Elegy 9. He Compareth Love With War

THY lover is a soldier, and Cupid hath his camp. Aye, believe me, Atticus, every lover is a soldier. The age which suiteth war is also favourable to Venus. A fig for an elderly soldier! A fig for an elderly lover! The age which generals demand in a brave soldier is the age which a fair young woman demands in the possessor of her charms. Soldier and lover have, each, their vigil to keep; both couch upon the hard ground; both have their watch to keep, the one at the door of his mistress, the other at the door of his general. What a weary way the soldier hath to march! And the lover, when his mistress is exiled, will follow her, with a stout heart, to the uttermost limits of the world. He will fare over the loftiest mountains and over rivers swollen with rains; he will cleave his way through the snowdrifts. Is he compelled to cross the seas? He will not plead that the tempests are let loose; nor will he wait till the weather be propitious for setting sail. Who but a soldier or a lover will brave the chill nights and the torrents of mingled snow and rain? The one is sent forward as a scout towards the enemy; the other keepeth watch upon his rival as upon a foe. The one lays siege to warlike cities, the other to the dwelling of his inexorable mistress. One beats down gates, the other doors.

Oftentimes it hath brought victory to catch the foe asleep, and to slaughter, sword in hand, an unarmed host. Thus did the fierce battalions of Thracian Rhesus fall and you, ye captured steeds, forsook your lord. So, too, a lover oft is able to profit by the husband's slumbers and to turn his arms against the sleeping foe. To elude the vigilance of watchmen and sentinels is ever the perilous task alike of the soldier and the lover.

Mars is uncertain and in Venus there is nothing sure. The conquered rise up again, and those you would deem could never be o’erthrown, fall in their turn. No longer then let love be held a little thing. Love demandeth a resourceful mind. Achilles burns for Briseis torn from his embraces.
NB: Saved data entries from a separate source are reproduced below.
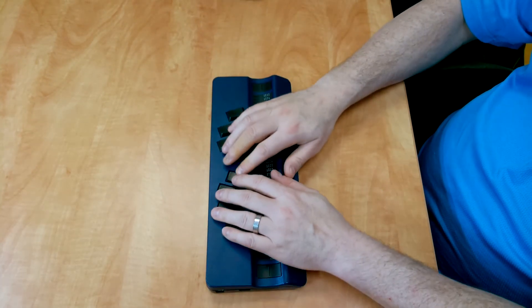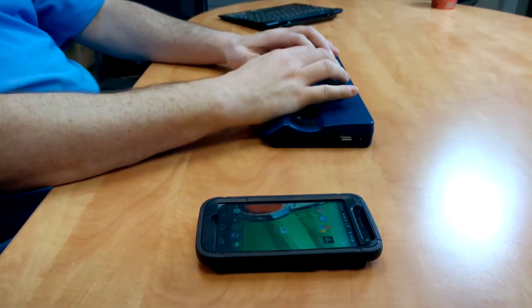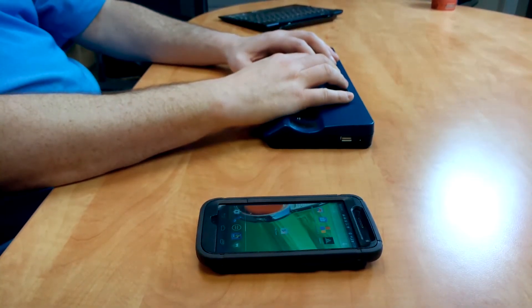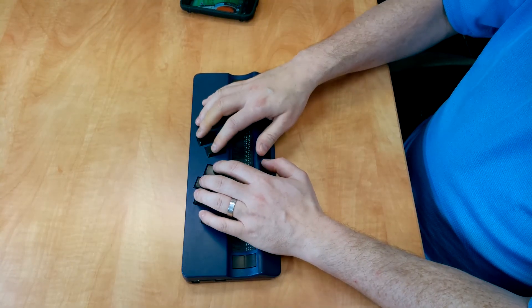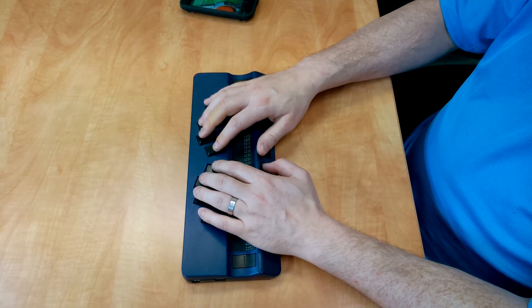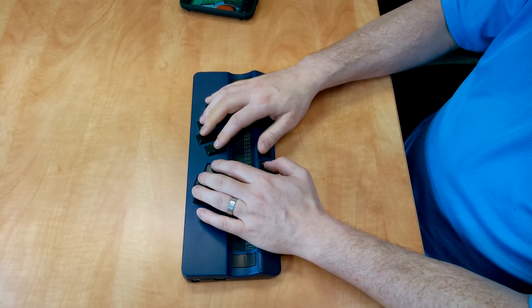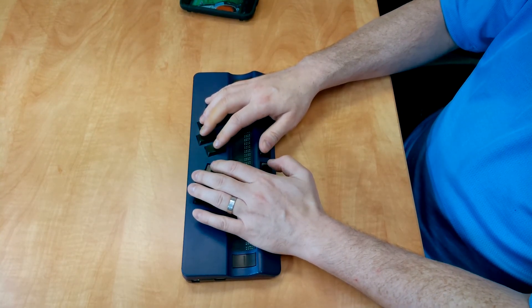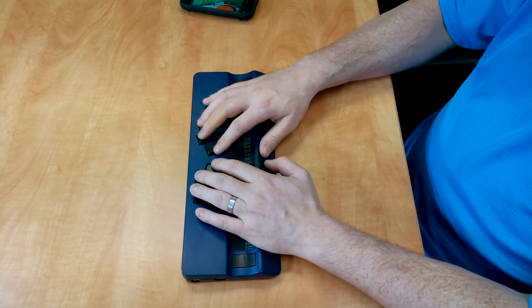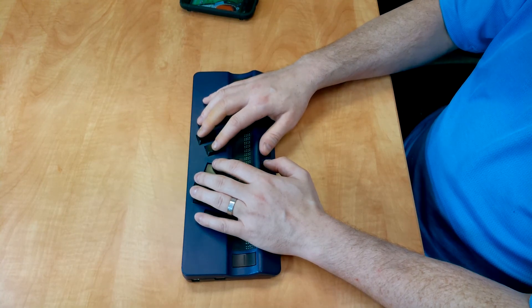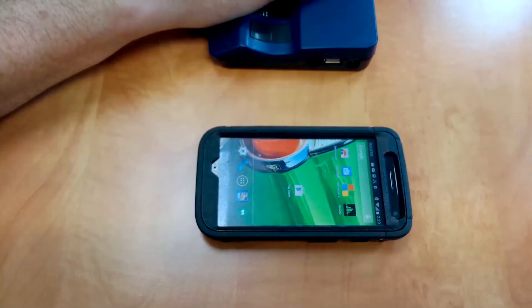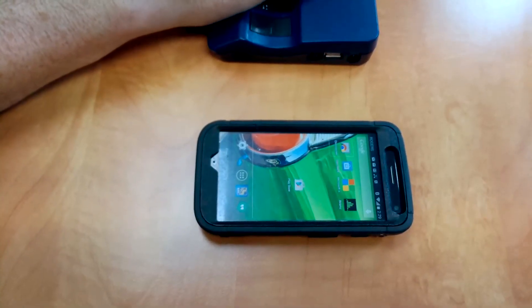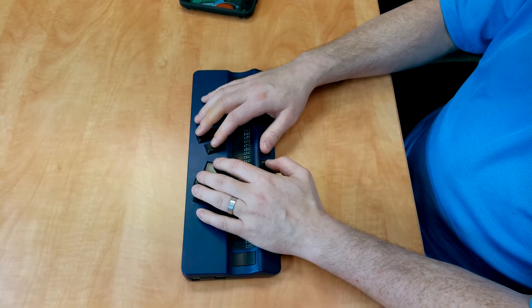So if I press the letter H with the spacebar, you hear my device say Home. If I press dot 1 in the spacebar, it should move up. It tells me there's nothing at the top. If I press dot 4 in the spacebar, it moves down to Chromecast, which is my next option.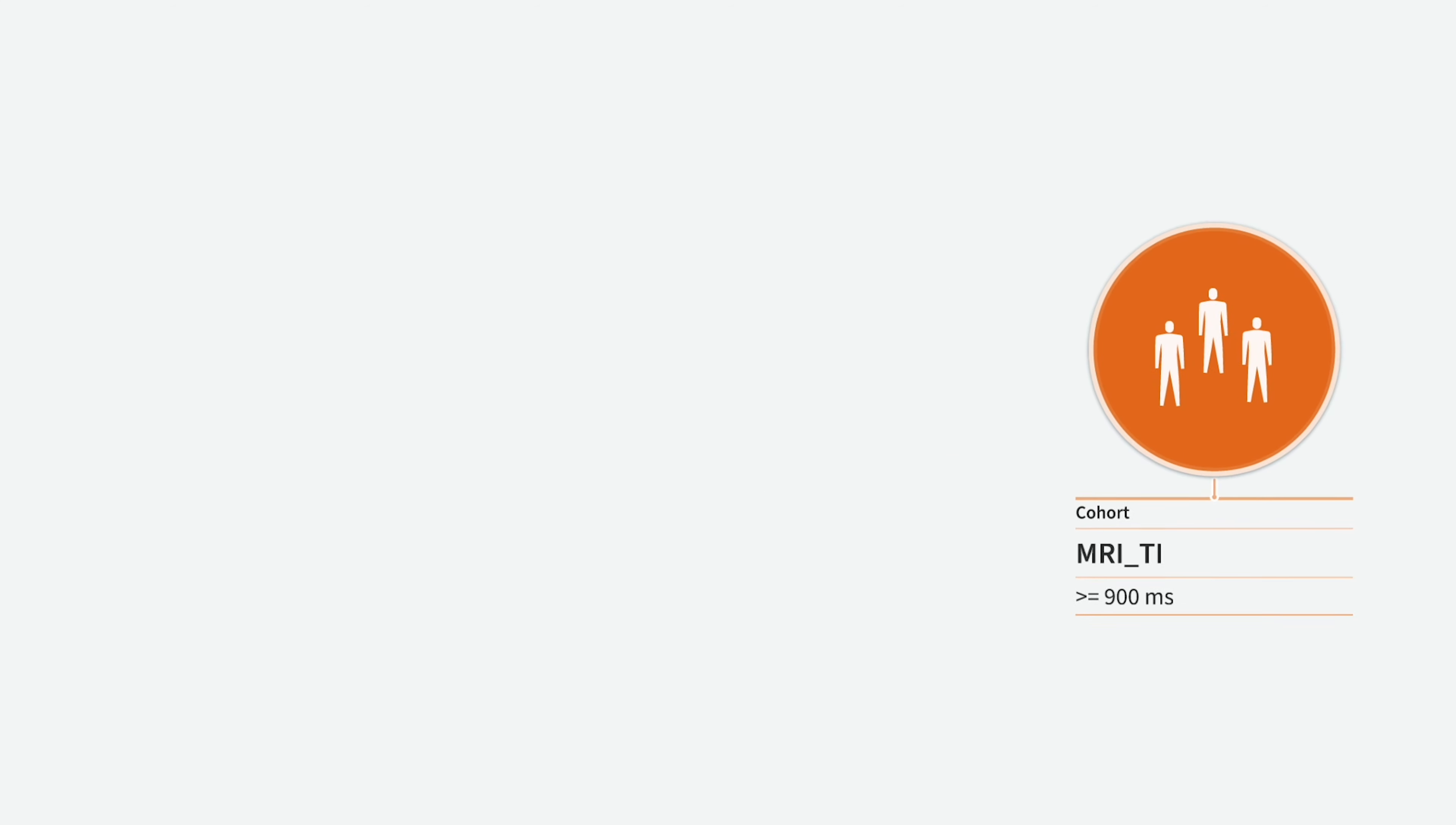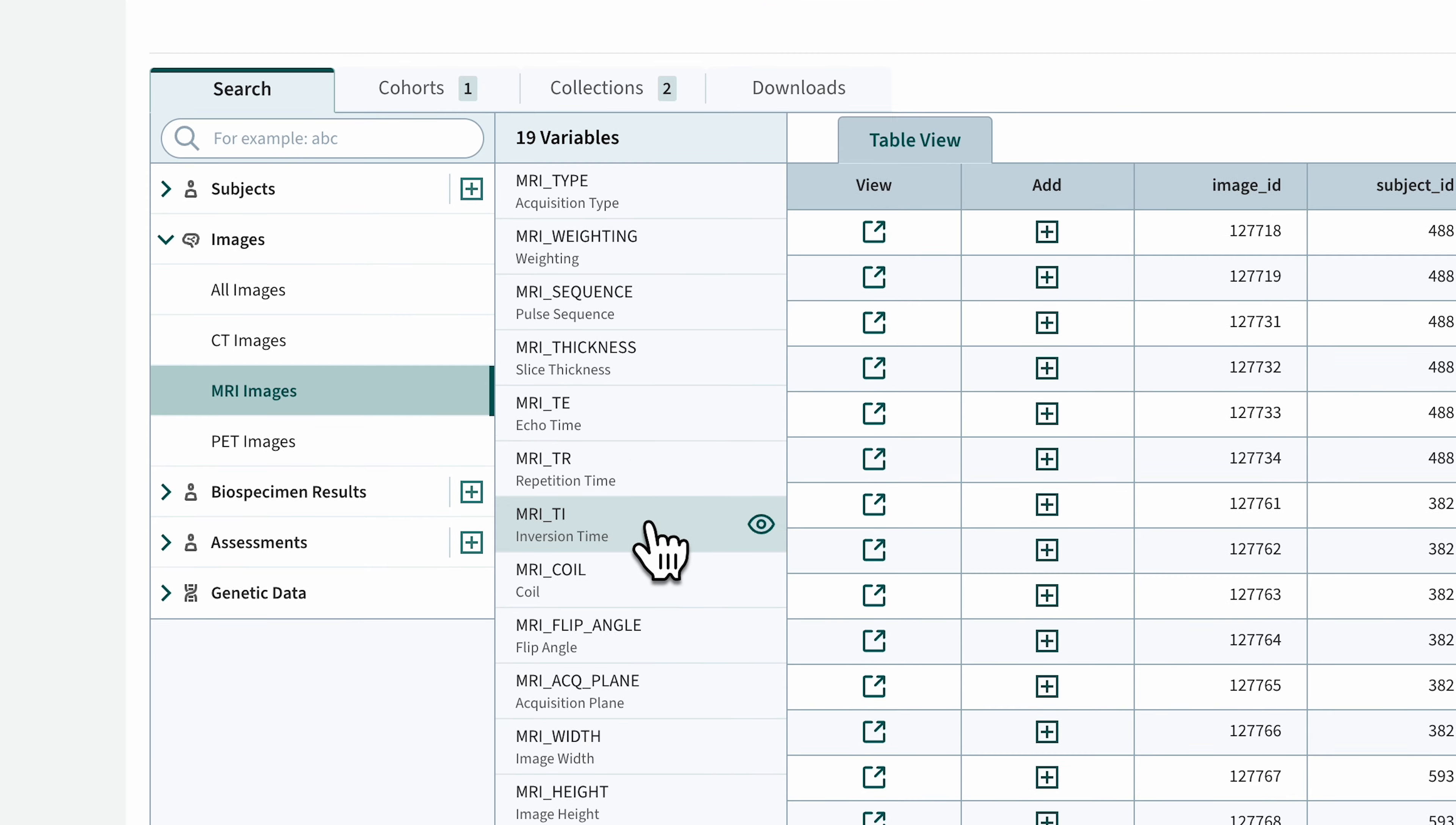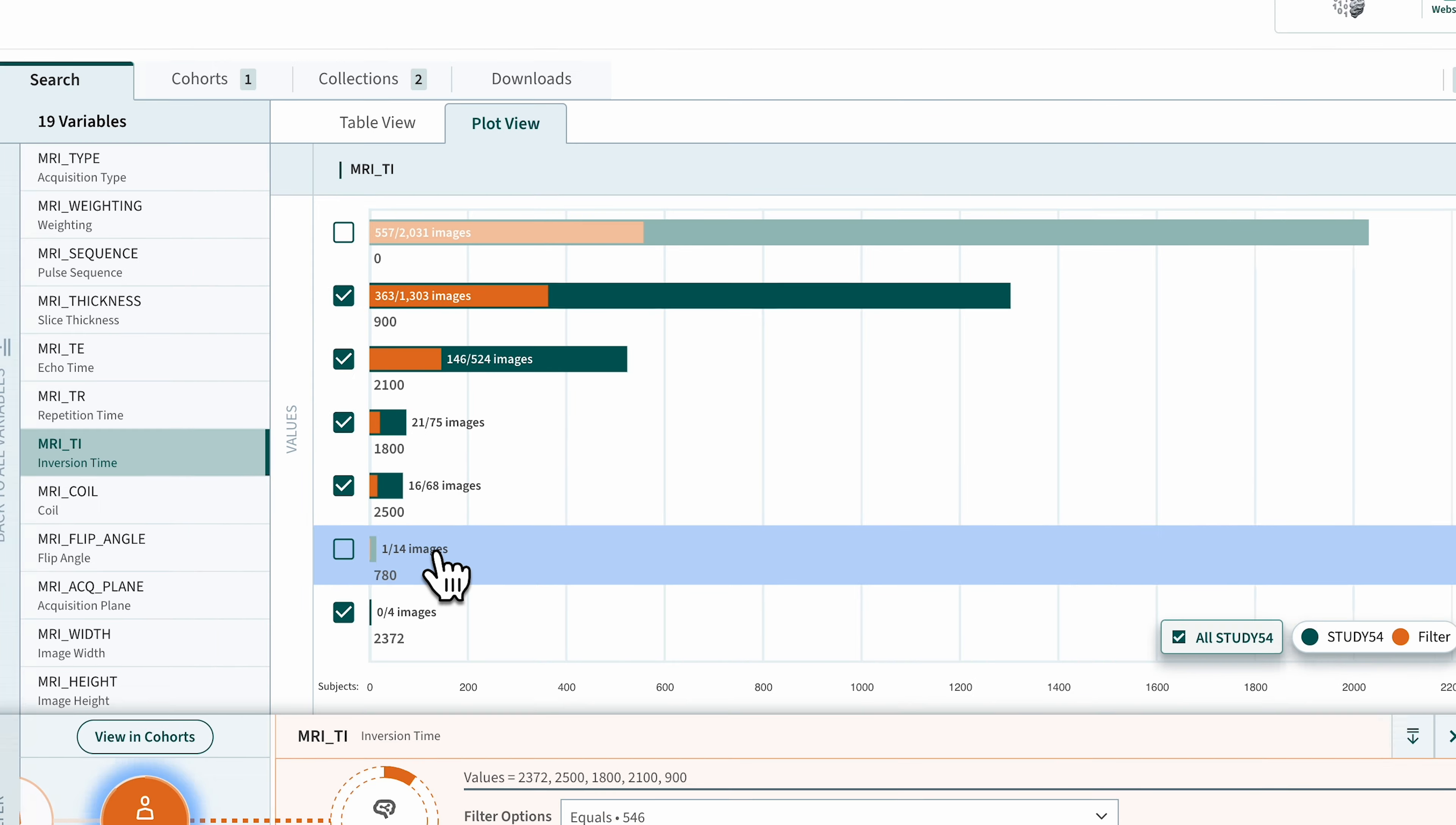First, we will add a filter for inversion times equal to or greater than 900 milliseconds. Click the plus button after the last filter. Choose the MRITI variable in the MRI Images table under the Images category. Uncheck all inversion times less than 900 milliseconds.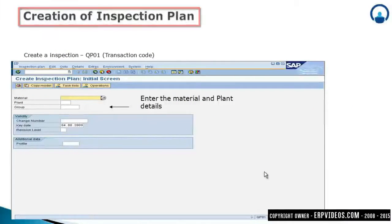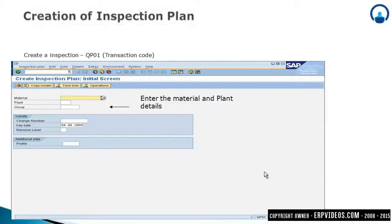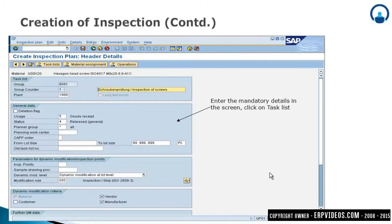To create an inspection plan in SAP, transaction code QP01 is used. Once you execute QP01, you will find the Create Inspection Plan initial screen. In this screen, you have to enter a particular material and a plant for which you want to create an inspection plan.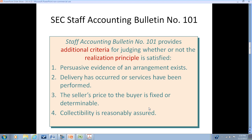Even where there is not outright manipulation, there are very complex business arrangements that publicly traded companies often enter into. For such situations, they often seek guidance from the Securities and Exchange Commission, whose staff of accountants looks at the facts of the situation and renders an opinion. One such set of opinions was put out in what is called a staff bulletin, which enhanced the revenue recognition principle by categorizing a large number of questions the SEC had received.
Trojans, while his grief allows, smite ye the Grecian host. Fresh from Andromache's embraces, Hector went forth to battle. ’Twas his spouse who placed his helmet on his head. When he beheld the daughter of Priam, her tresses floating in the wind, the son of Atreus, the first of all the Grecian chiefs, stood, they say, lost in admiration. Mars himself was caught in the chains which Vulcan had forged. No tale made a greater stir in heaven than this. I myself was slothful and not born for work. My bed and sleep had softened my spirit. But love for a comely young woman set a term to my indolence. She enjoined me to make my first campaign in her service. Since then, thou seest. me ever active and always busy with some nocturnal adventure. Thou wouldst not be a sluggard? Well then, love a woman.